Task → Exclude the pictures, then copy all remaining records exactly.

(Crawled caption data)
[Start of Attachment]

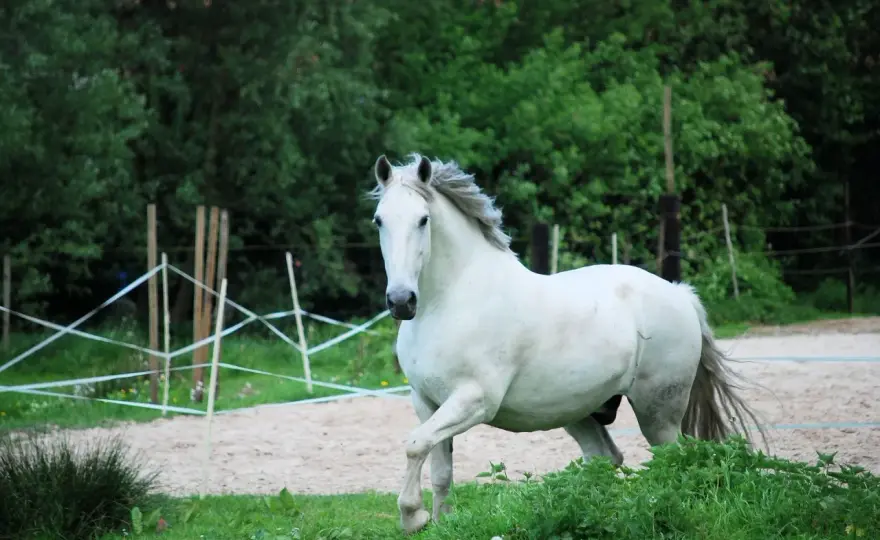 Cheval Criollo - Endurance et polyvalence: est-ce le bon choix?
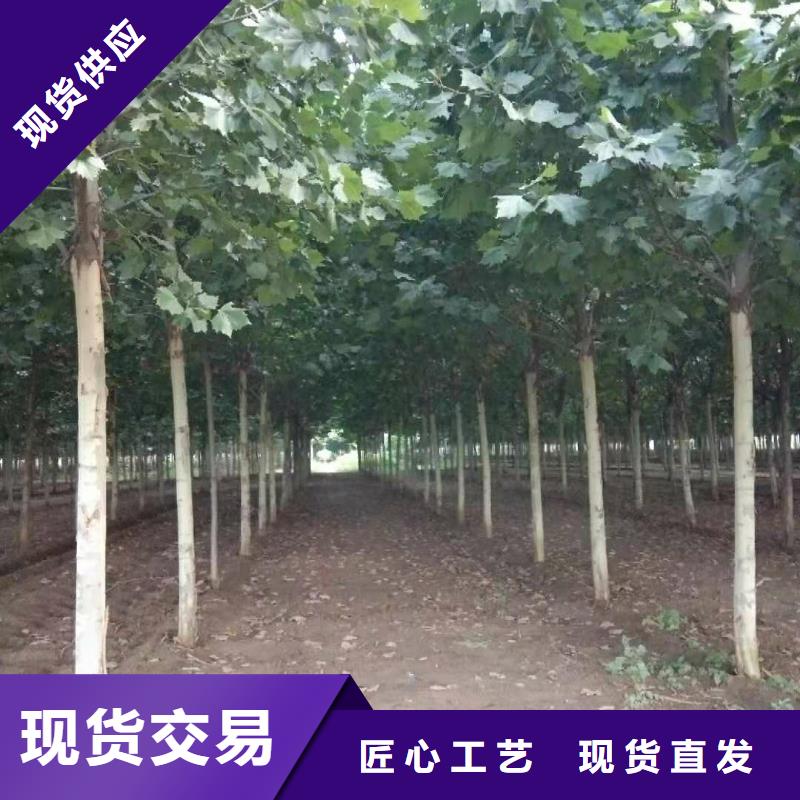法桐期待您的咨询
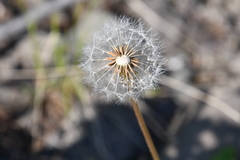 Taraxacum acricorne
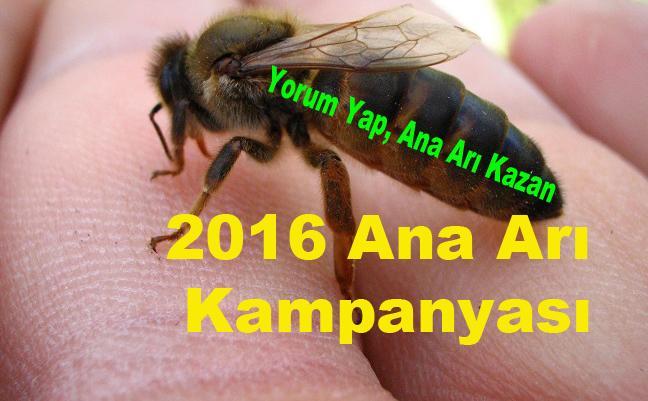 2016 ana arı kampanyası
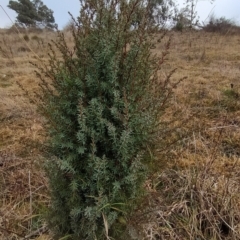 Juniperus communis at Fadden, ACT - 9 Aug 2023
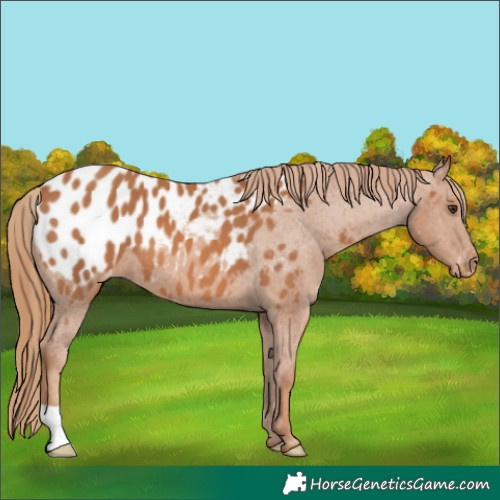Horse Color:Chestnut Appaloosa 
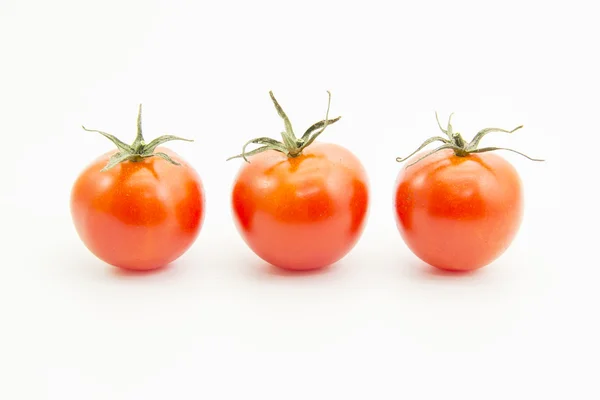 Rechte lijn tomaten met groen blad — Stockfoto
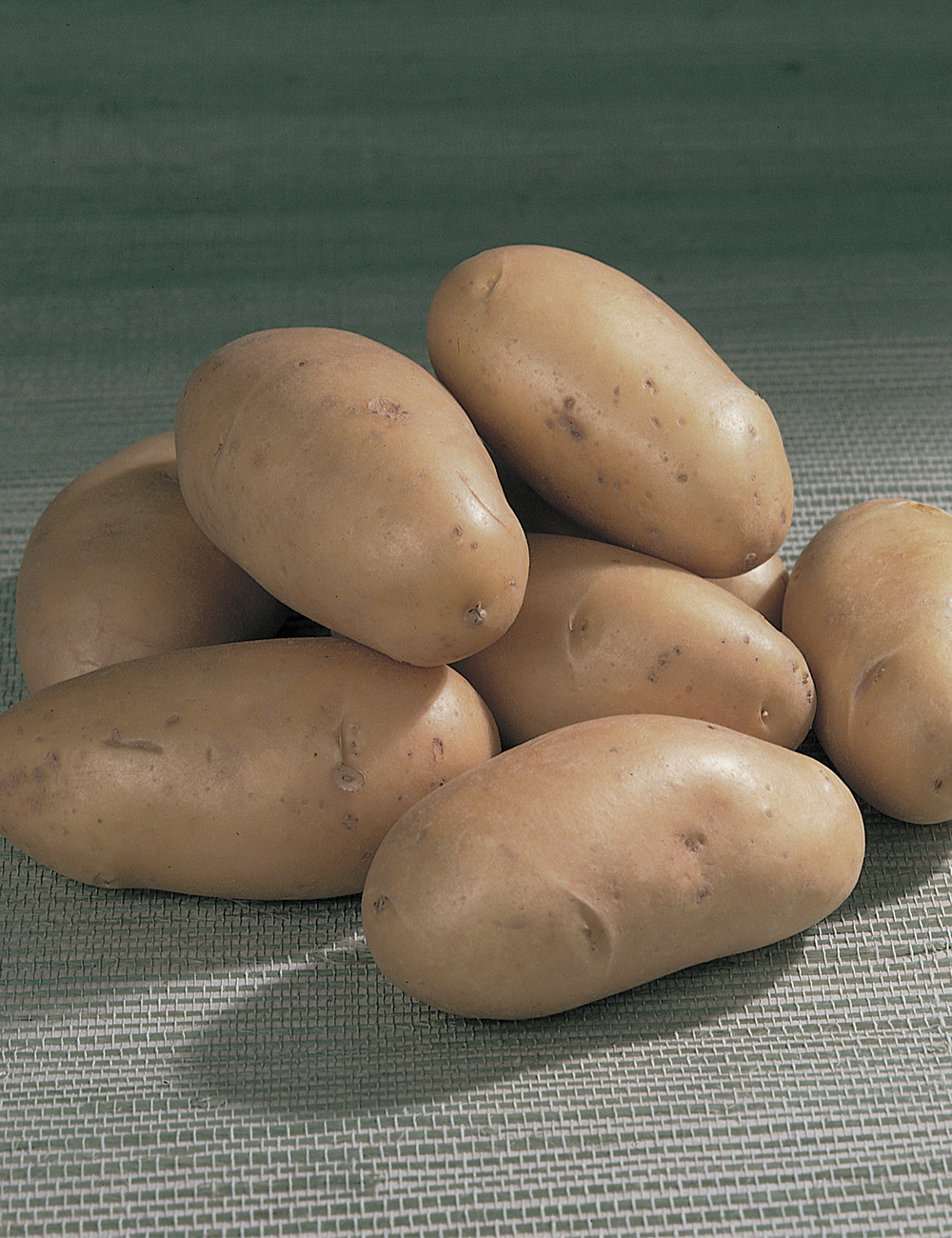 Yellow Potato 'Mayflower'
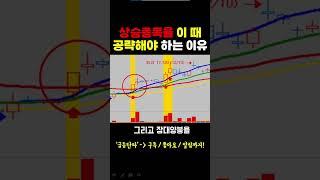 [주식] 상승종목을 이 때 공략해야 하는 이유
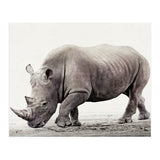 Rhino (Print Only) thumbnail
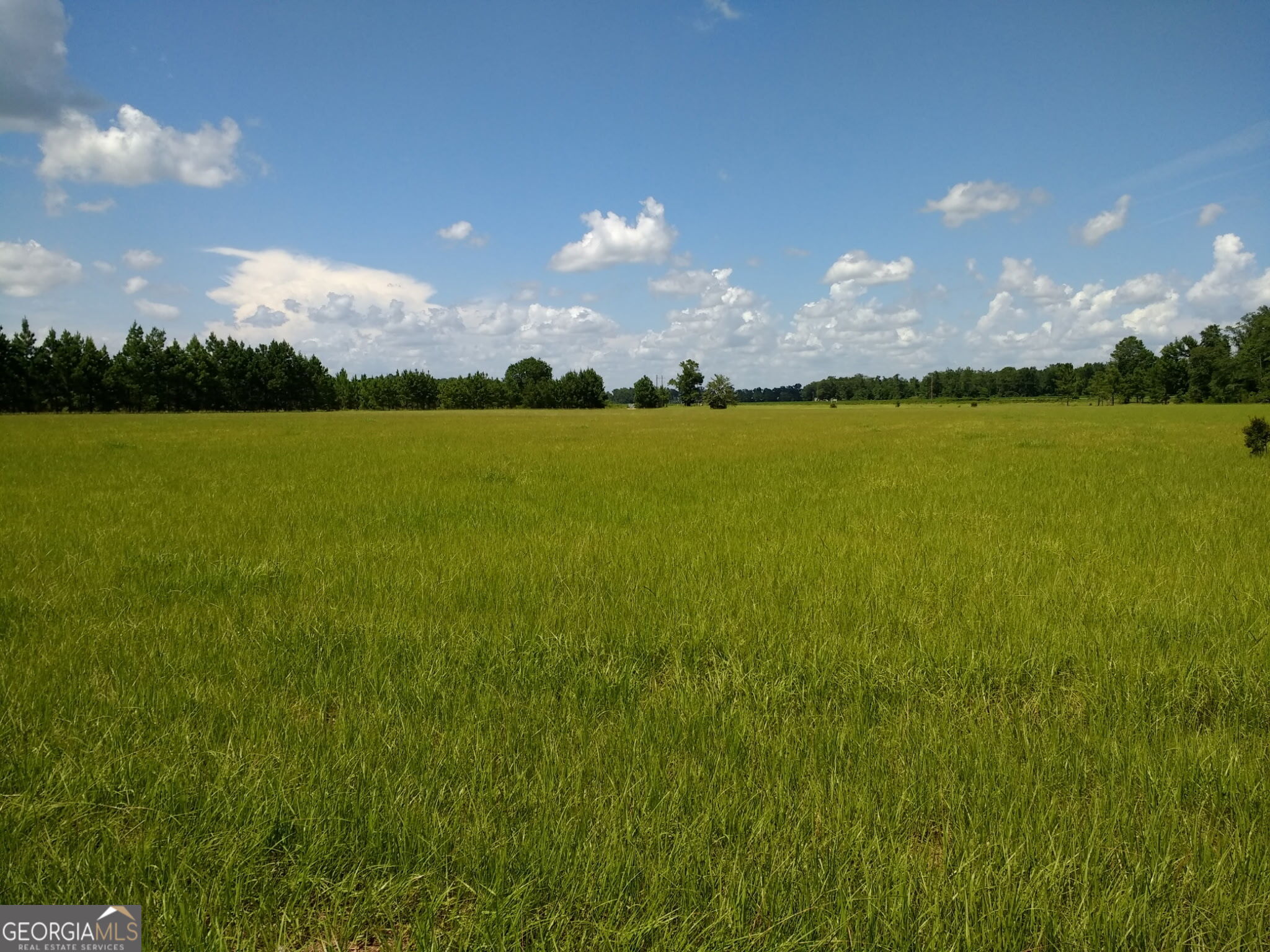 680 Porter's Landing Road Clyo, GA 31303 - Photo 15 of 50 a view of an ocean and a yard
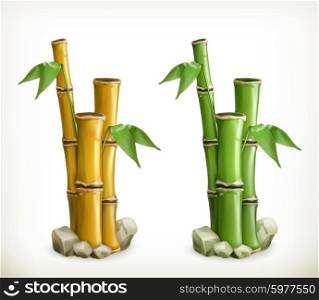 Bamboo, vector icon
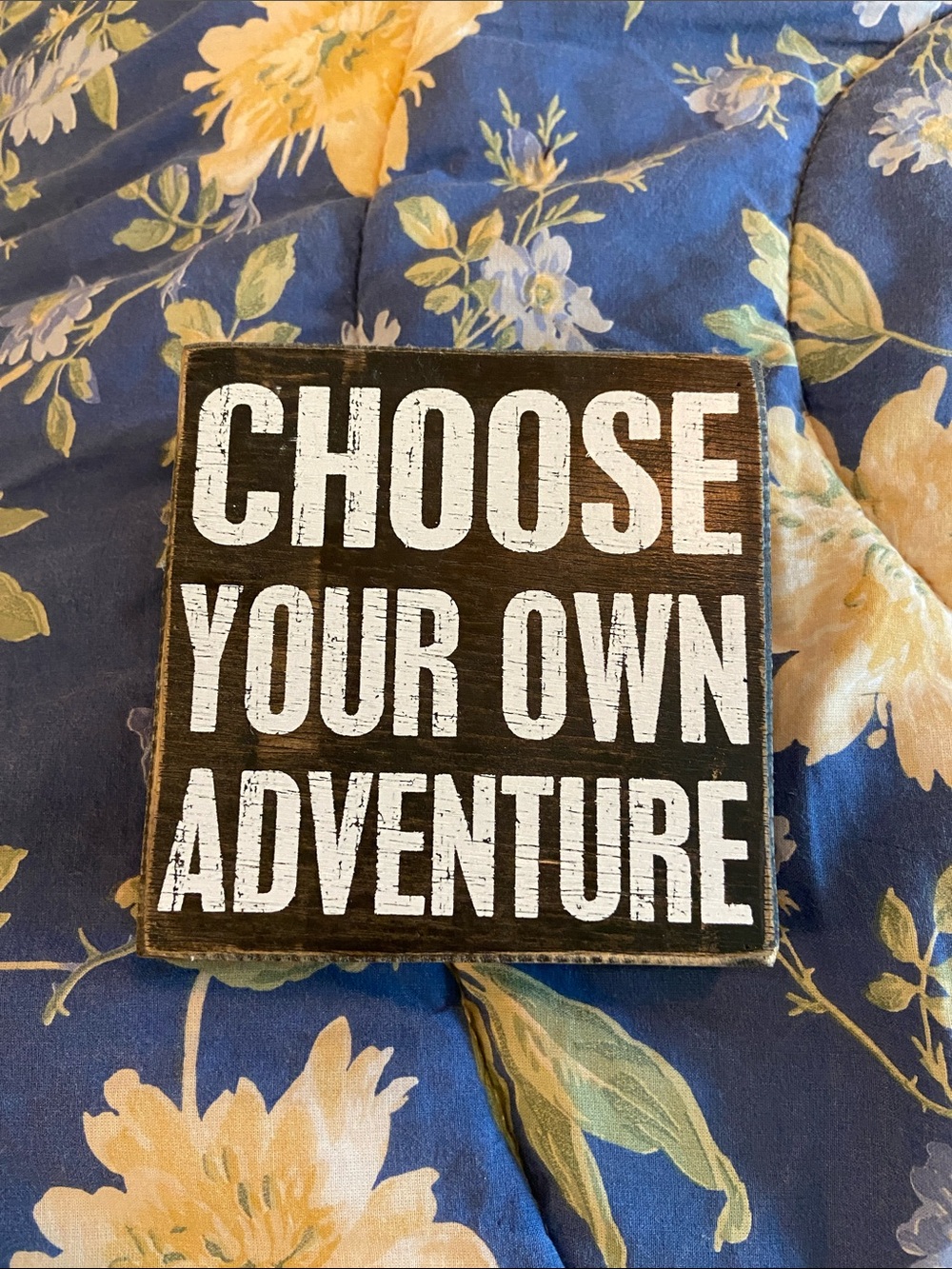 Choose Your Own Adventure Rustic Brown Wall Plaque by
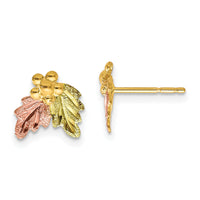 10k Tri-color Black Hills Gold Post Earrings-10BH644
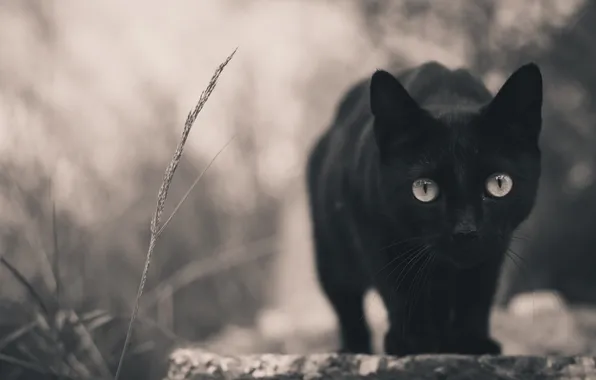 Cat, black, looks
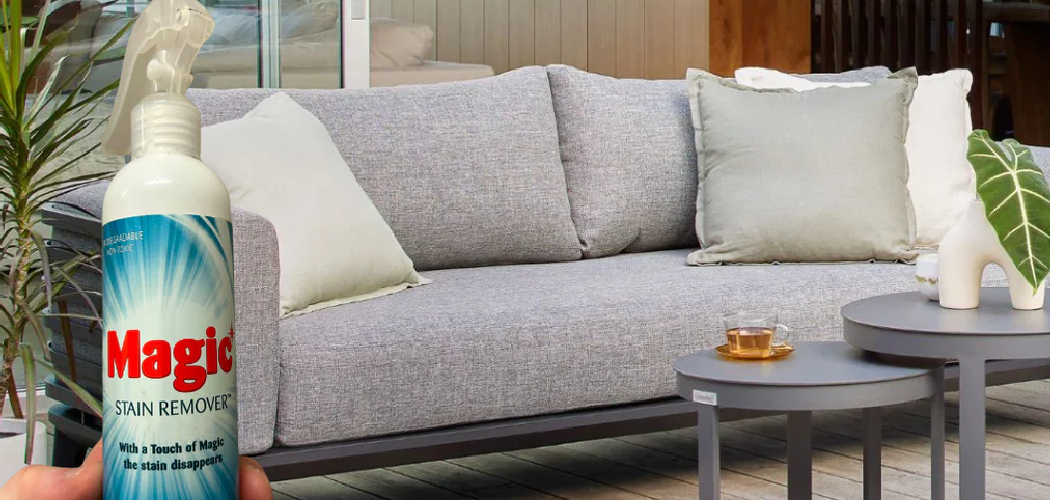 How to Remove Mold from Fabric Sofa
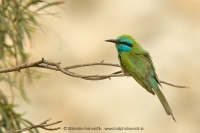 Včelárik arabský - Merops cyanophrys - Arabian Green Bee-eater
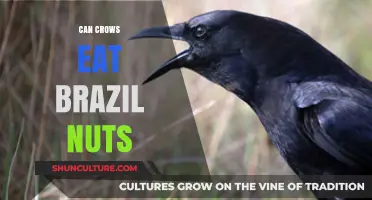 Can Crows Crack Brazil Nuts? Exploring Their Nut-Eating Habits
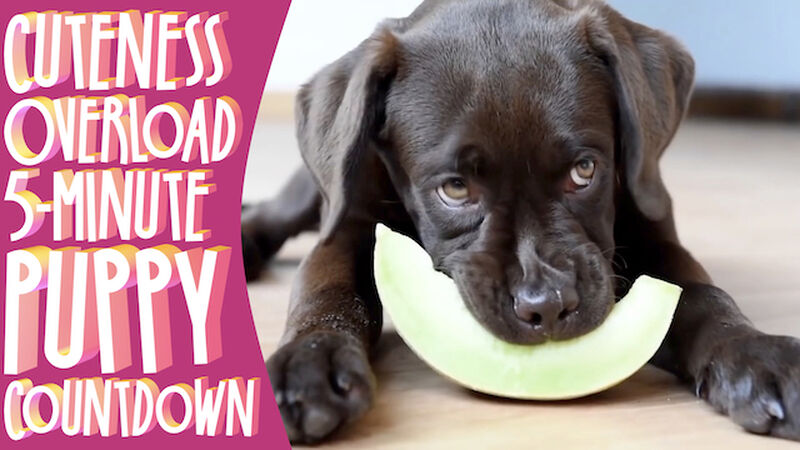 Cuteness Overload! 5-Minute Puppy Countdown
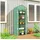 furnicato Mini-Gewächshaus Kunststoff Grün Blankglas 0 mm 0 m2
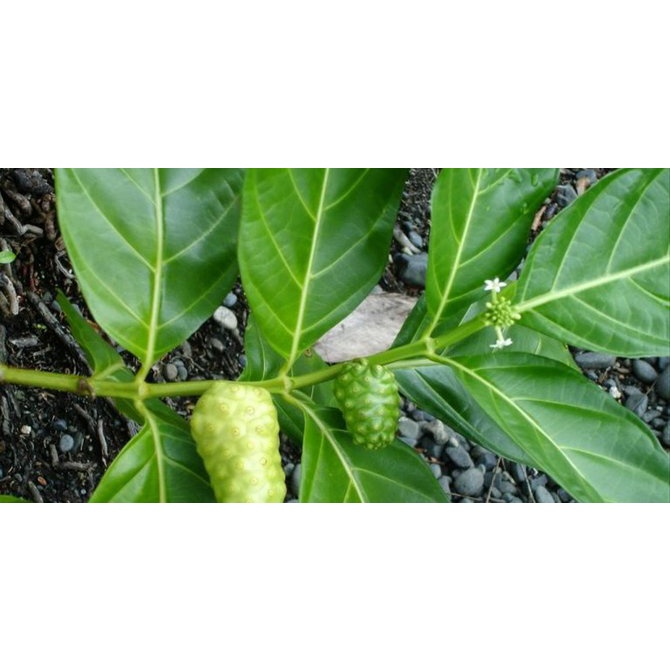 Daun Mengkudu Segar 30 lembar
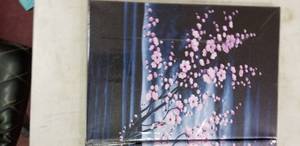 lot 1672 image: 3 Piece Canvas Art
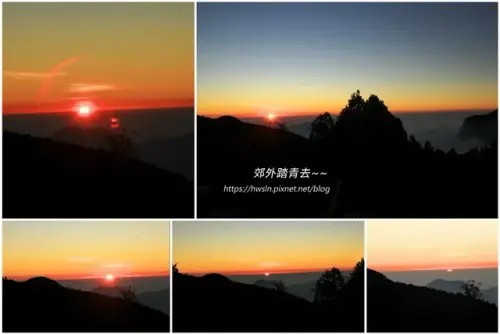 00024 阿里山逐漸消失的西山一點紅.webp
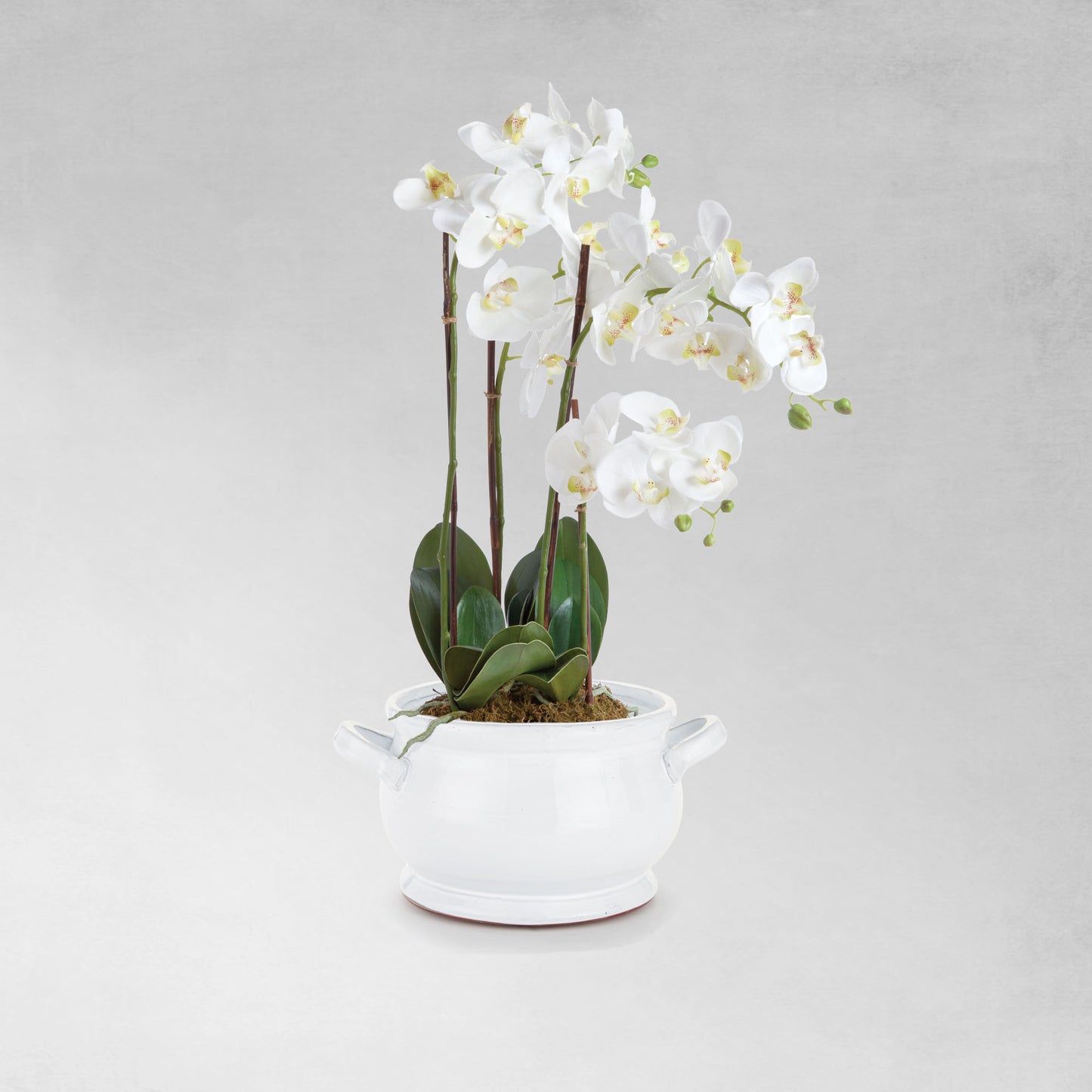 White ceramic footed bowl - stylish home accent (Image5).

[End of Attachment]

Written response →
 Cheval Criollo - Endurance et polyvalence: est-ce le bon choix?
法桐期待您的咨询
 Taraxacum acricorne
 2016 ana arı kampanyası
 Juniperus communis at Fadden, ACT - 9 Aug 2023
Horse Color:Chestnut Appaloosa 
 Rechte lijn tomaten met groen blad — Stockfoto
 Yellow Potato 'Mayflower'
 [주식] 상승종목을 이 때 공략해야 하는 이유
 Rhino (Print Only) thumbnail
 680 Porter's Landing Road Clyo, GA 31303 - Photo 15 of 50 a view of an ocean and a yard
 Bamboo, vector icon
 Choose Your Own Adventure Rustic Brown Wall Plaque by
 10k Tri-color Black Hills Gold Post Earrings-10BH644
 Cat, black, looks
 How to Remove Mold from Fabric Sofa
 Včelárik arabský - Merops cyanophrys - Arabian Green Bee-eater
 Can Crows Crack Brazil Nuts? Exploring Their Nut-Eating Habits
 Cuteness Overload! 5-Minute Puppy Countdown
 furnicato Mini-Gewächshaus Kunststoff Grün Blankglas 0 mm 0 m2
 Daun Mengkudu Segar 30 lembar
 lot 1672 image: 3 Piece Canvas Art
 00024 阿里山逐漸消失的西山一點紅.webp
 White ceramic footed bowl - stylish home accent (Image5).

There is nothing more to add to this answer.